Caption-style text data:

>>>

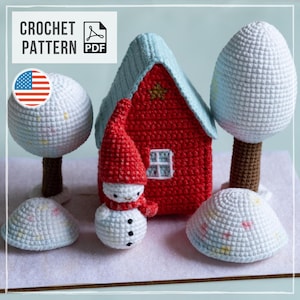 May include: A crochet pattern PDF featuring a red house with a light blue roof, a snowman wearing a red hat and scarf, two white trees with brown trunks, and two small white mounds with colorful speckles, all crafted in a winter theme.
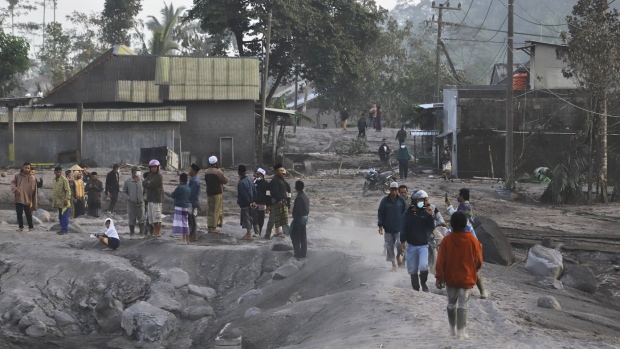 People inspect their ash-covered village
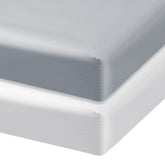Biloban satin crib sheets close-up fabric shows smooth texture for cool, gentle sleep.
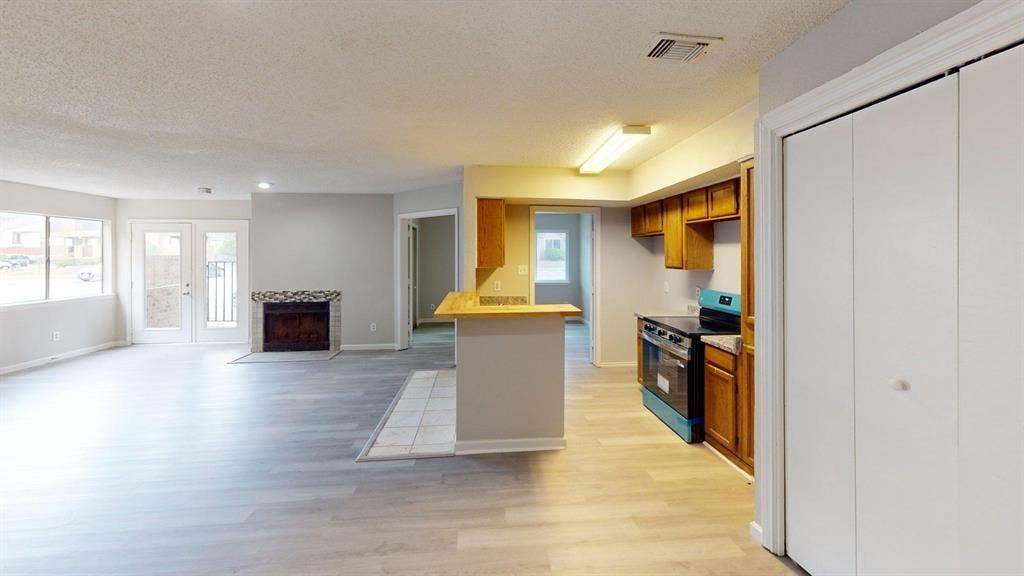 Open living area featuring wood-finish flooring, a stone-surround fireplace, dual glass-paneled exterior doors, a breakfast bar, and custom wood cabinetry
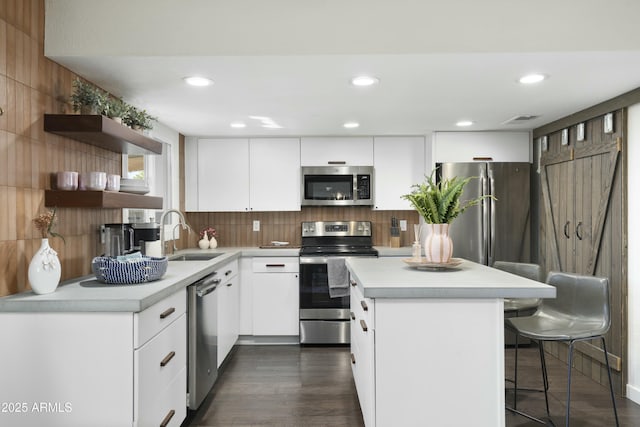 kitchen featuring white cabinets, a kitchen island, stainless steel appliances, and a sink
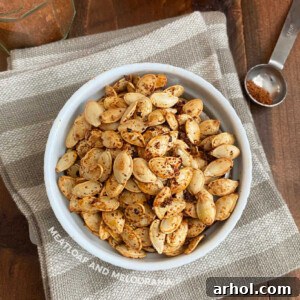 Bowl of spicy roasted pumpkin seeds with taco seasoning, ready to eat.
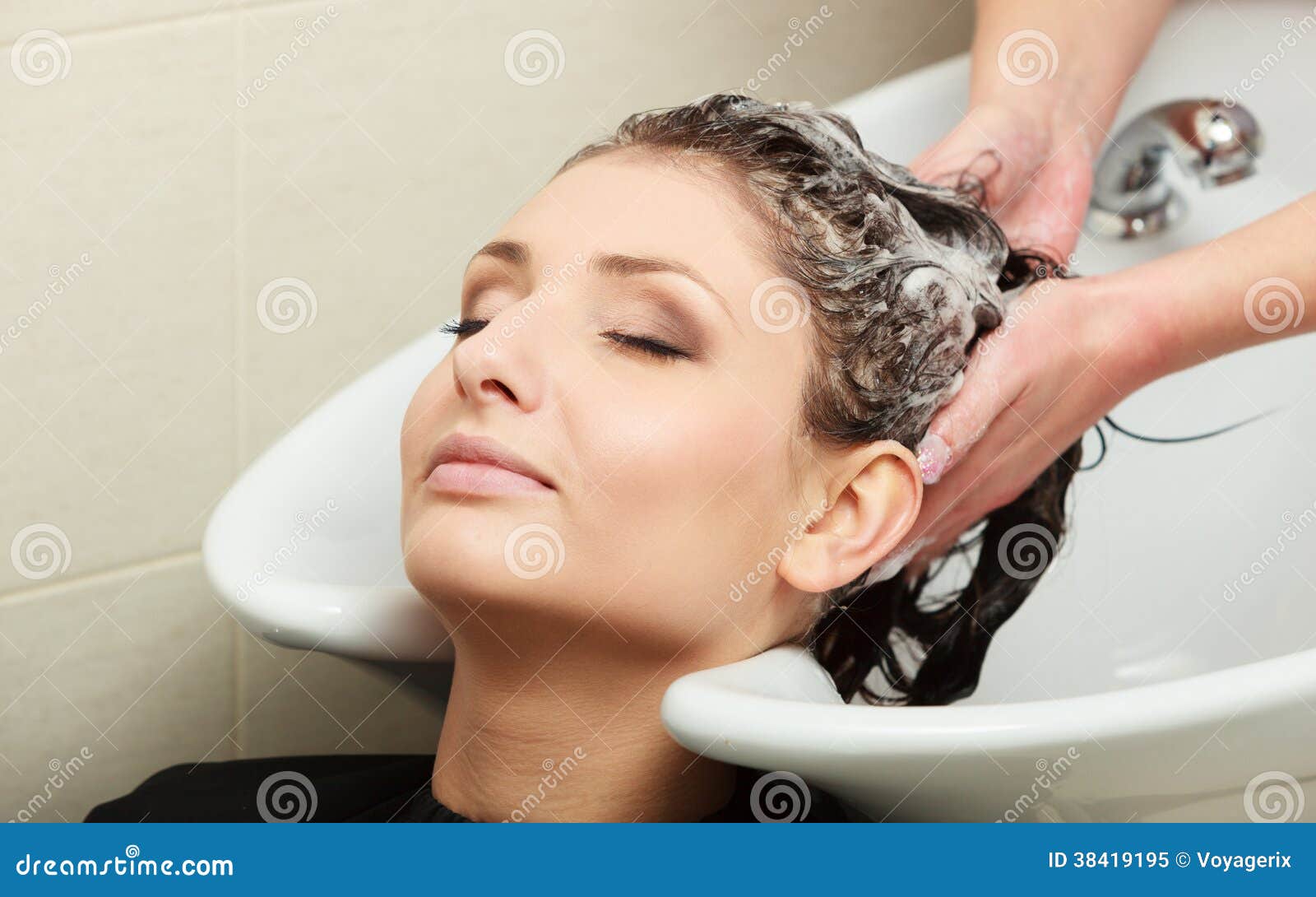 Hairstylist washing woman hair. Hairdressing beauty salon - hairstylist-washing-woman-hair-hairdressing-beauty-salon-38419195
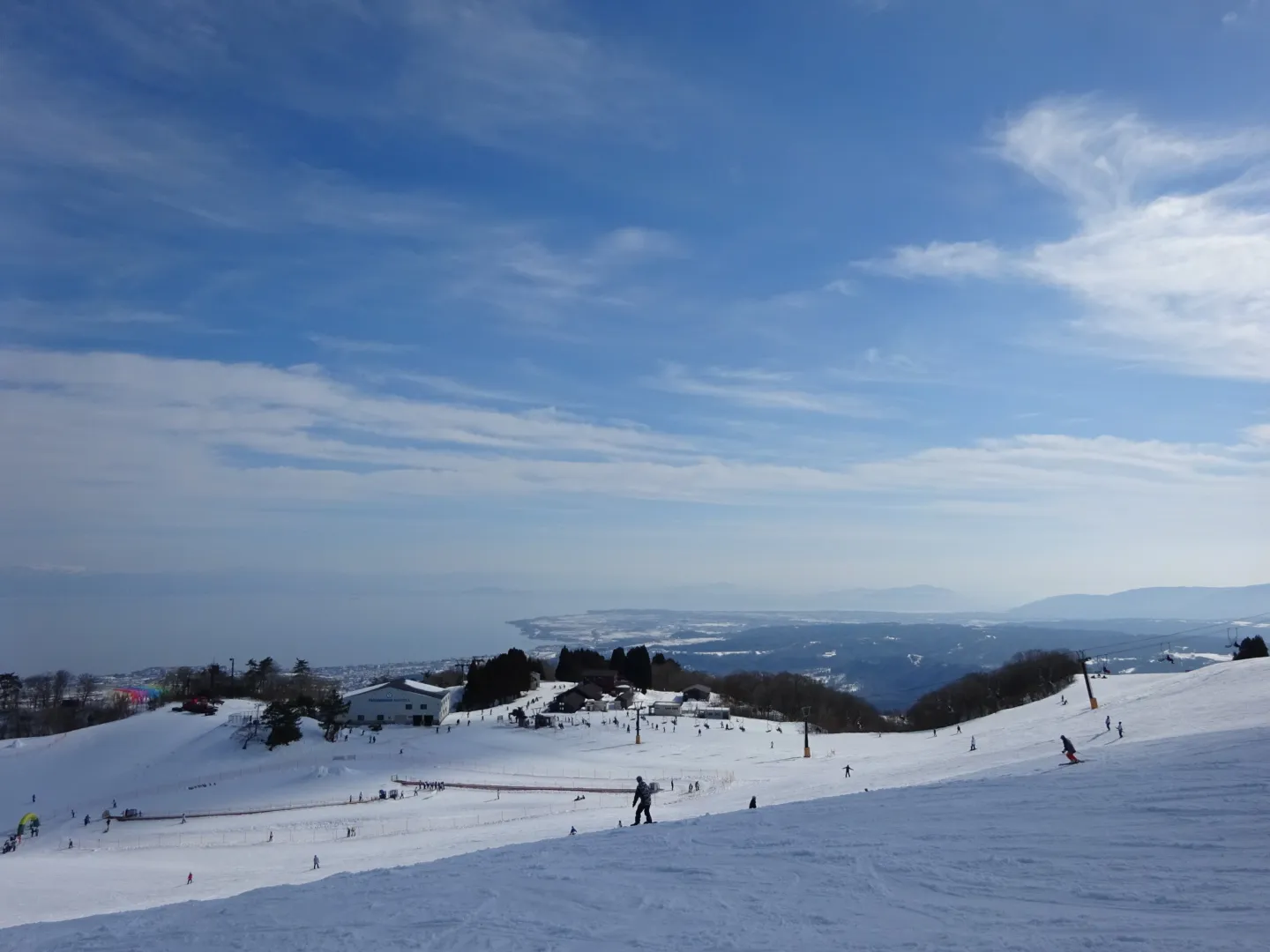 The snow-covered slopes of Mt. Hakodate Ski Resort, with Lake Biwa in the distance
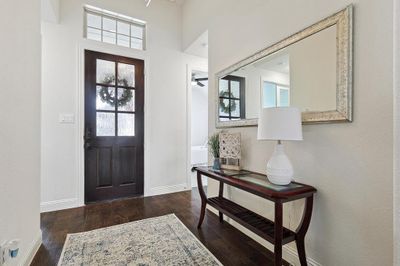 Beautiful light, bright, and airy entry featuring tall ceilings. | Image 3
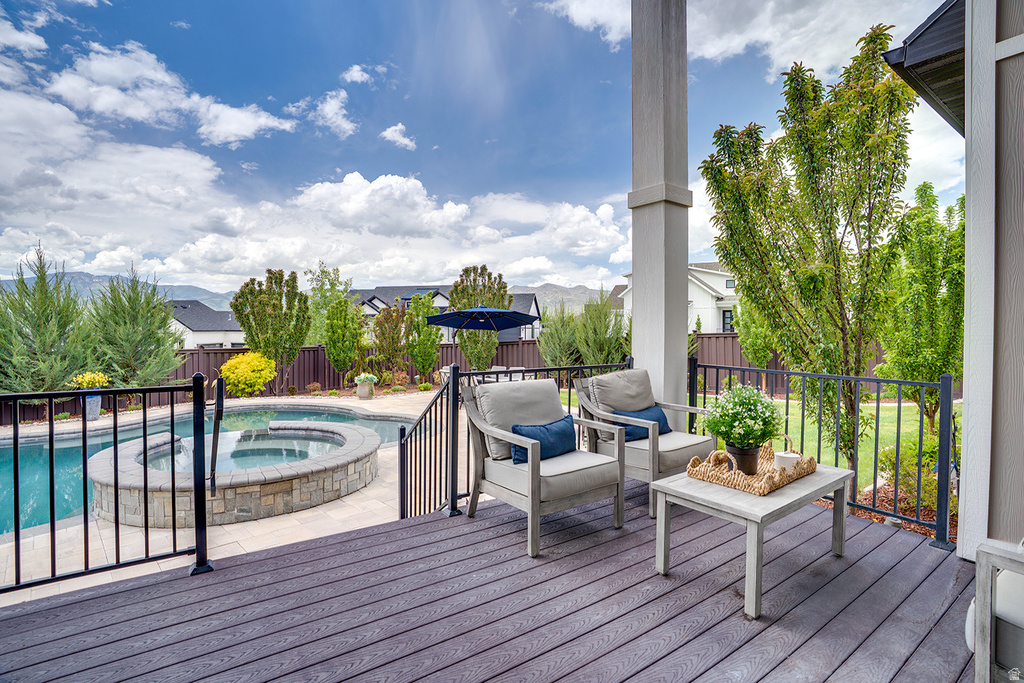 Expansive outdoor living area featuring a composite deck, covered patio, fenced swimming pool, integrated hot tub with stone surround, and mature perimeter landscaping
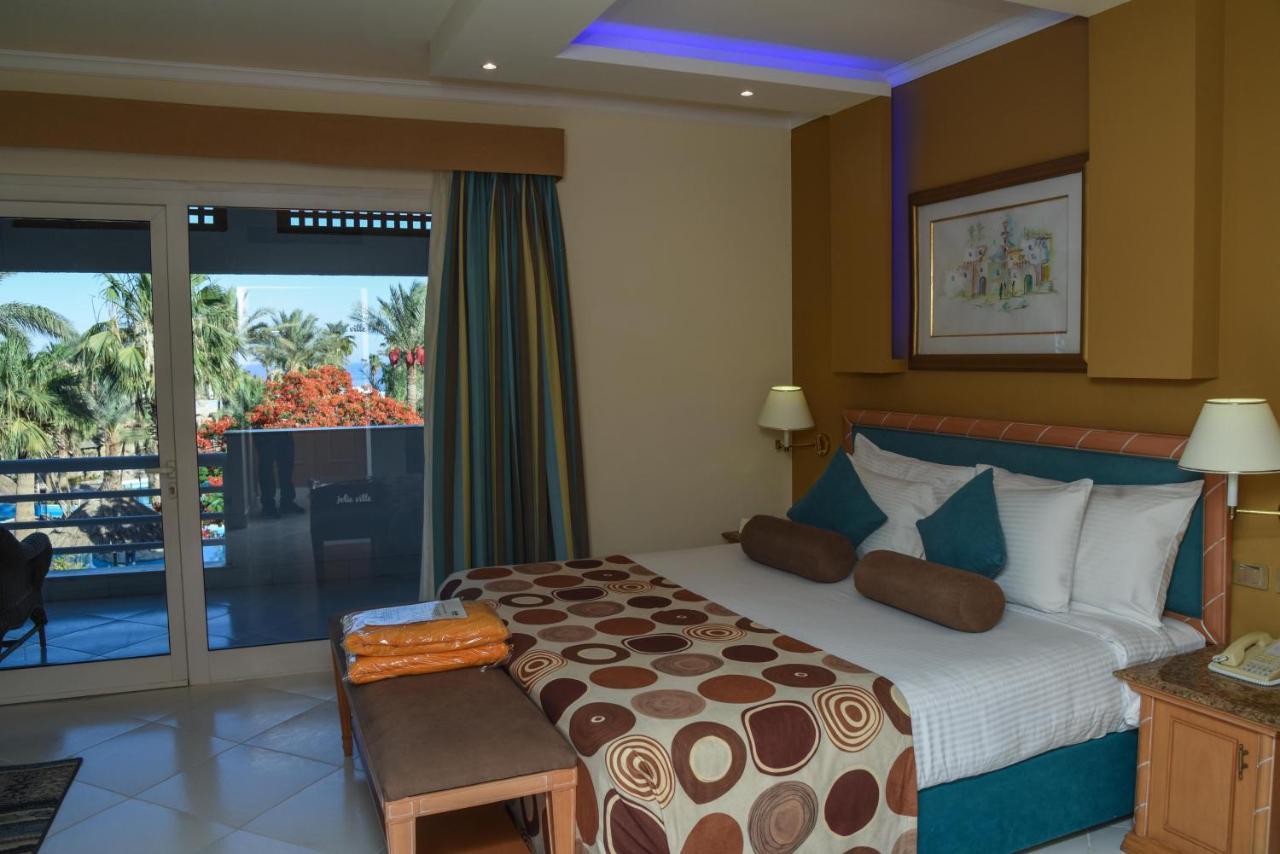 Pickalbatros Golf Beach Resort Sharm El Sheikk Exterior foto A bedroom at the hotel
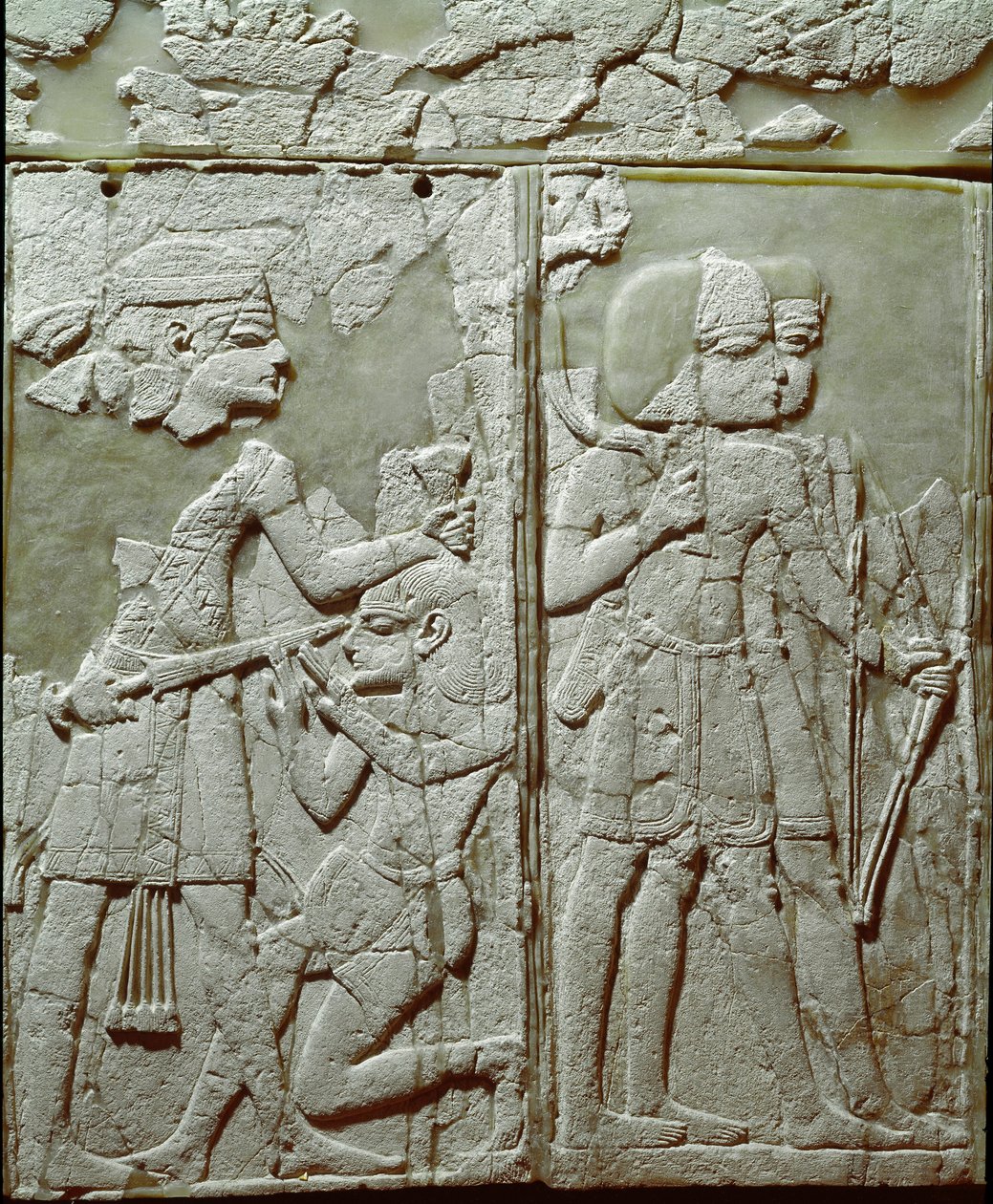 Phoenician Civilization: Bed Ornament with a Low Ivory Relief Representing a King Threatening Enemy by Phoenician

<<<

ASSIGNMENT – Apart from the pictures, every record must be set down exactly.

WRITTEN SOLUTION –
 May include: A crochet pattern PDF featuring a red house with a light blue roof, a snowman wearing a red hat and scarf, two white trees with brown trunks, and two small white mounds with colorful speckles, all crafted in a winter theme.
 People inspect their ash-covered village
Biloban satin crib sheets close-up fabric shows smooth texture for cool, gentle sleep.
 Open living area featuring wood-finish flooring, a stone-surround fireplace, dual glass-paneled exterior doors, a breakfast bar, and custom wood cabinetry
 kitchen featuring white cabinets, a kitchen island, stainless steel appliances, and a sink
 Bowl of spicy roasted pumpkin seeds with taco seasoning, ready to eat.
 Hairstylist washing woman hair. Hairdressing beauty salon - hairstylist-washing-woman-hair-hairdressing-beauty-salon-38419195
 The snow-covered slopes of Mt. Hakodate Ski Resort, with Lake Biwa in the distance
 Beautiful light, bright, and airy entry featuring tall ceilings. | Image 3
 Expansive outdoor living area featuring a composite deck, covered patio, fenced swimming pool, integrated hot tub with stone surround, and mature perimeter landscaping
 Pickalbatros Golf Beach Resort Sharm El Sheikk Exterior foto A bedroom at the hotel
 Phoenician Civilization: Bed Ornament with a Low Ivory Relief Representing a King Threatening Enemy by Phoenician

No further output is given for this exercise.